To portray these changes as they take place, it becomes necessary to maintain a continuous record of the financial truncations as they take place. To ascertain the financial position of a company as at a particular point of time, the process of recording has to temporarily halt. A balance sheet, then, is the picture which emerges when the process of recording financial transactions is so arrested.
This does not mean that to get a static snapshot of its financial position as on a particular day, the company has to temporarily halt all its operations as is done by some large retailers when they down their shutters for a couple of days for the purpose of the annual stock-taking. All that the company need do is to maintain separate books of account for individual years and stop making further entries in the books pertaining to the year that has just ended unless the transactions specifically relate to that year. Once all the entries are completed, the books can be closed and balances struck which then can be transferred to the balance sheet to show the financial standing of the company as on the last day of the year.
A balance sheet can be prepared after the passage of any predetermined length of time. For example, balance sheet can be drawn up at the end of each month, quarter, six-months or a year. The law leaves companies free to decide how frequently they would like to prepare their balance sheets and only requires that the so-called ‘financial year’, which may be less or more than a calendar year, shall not exceed fifteen months.
Since however, it is both expensive and inconvenient to prepare balance sheets at frequent short intervals, companies invariably prefer to prepare balance sheets at the end of each period of twelve months. The yearly balance sheet is, thus, the one most commonly met with and has the advantage that it covers all of the seasons of the years. 
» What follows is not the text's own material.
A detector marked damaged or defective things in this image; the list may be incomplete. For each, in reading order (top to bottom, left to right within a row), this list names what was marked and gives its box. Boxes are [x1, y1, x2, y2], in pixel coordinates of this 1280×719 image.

A balance sheet in its traditional form is a columnar statement of the financial position or status of a company. The statement is prepared by listing liabilities on the left-hand side and assets on the right hand side. Balance sheets to prepared break down naturally into four firm divisions –two on the liabilities side and two on the assets sides.
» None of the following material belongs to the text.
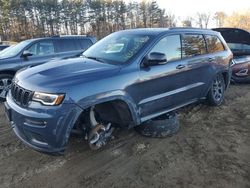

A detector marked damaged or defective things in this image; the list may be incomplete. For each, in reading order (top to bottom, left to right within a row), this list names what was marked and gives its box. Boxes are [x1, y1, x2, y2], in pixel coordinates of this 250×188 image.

damaged suv [4, 28, 232, 154]
damaged body panel [4, 28, 233, 154]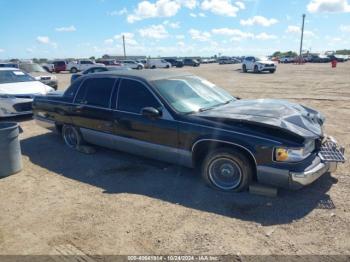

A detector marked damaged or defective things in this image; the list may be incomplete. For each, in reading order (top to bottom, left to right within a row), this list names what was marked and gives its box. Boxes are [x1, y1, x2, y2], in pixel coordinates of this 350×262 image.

damaged hood [197, 99, 326, 139]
The first division on the liabilities side comprises all ‘permanent’ liabilities in the nature of the share capital and accumulated reserves. The second division covers all temporary liabilities and can be further split into two sub- divisions. The first sub-division includes all long – term or ‘non-current’ liabilities such as debenture bonds, long-term loans from banks or financial institutions, and miscellaneous deferred liabilities.
The second sub-division is made up of current liabilities, that is, obligations which must be met, by convention, within one year from the date of the balance sheet. Such obligations or accounts consist of trade creditors, bank overdrafts or cash credits, deposits from clients against goods to be supplied or from the public as short-term loans, accrued interest, salaries and wages, rates and taxes, unclaimed dividends and such.
The two divisions on the assets-side consist of ‘current’ and ‘non-current’ assets. The distinction between current and non-current assets is relative and depends on the ease and frequency with which an asset can be converted into cash.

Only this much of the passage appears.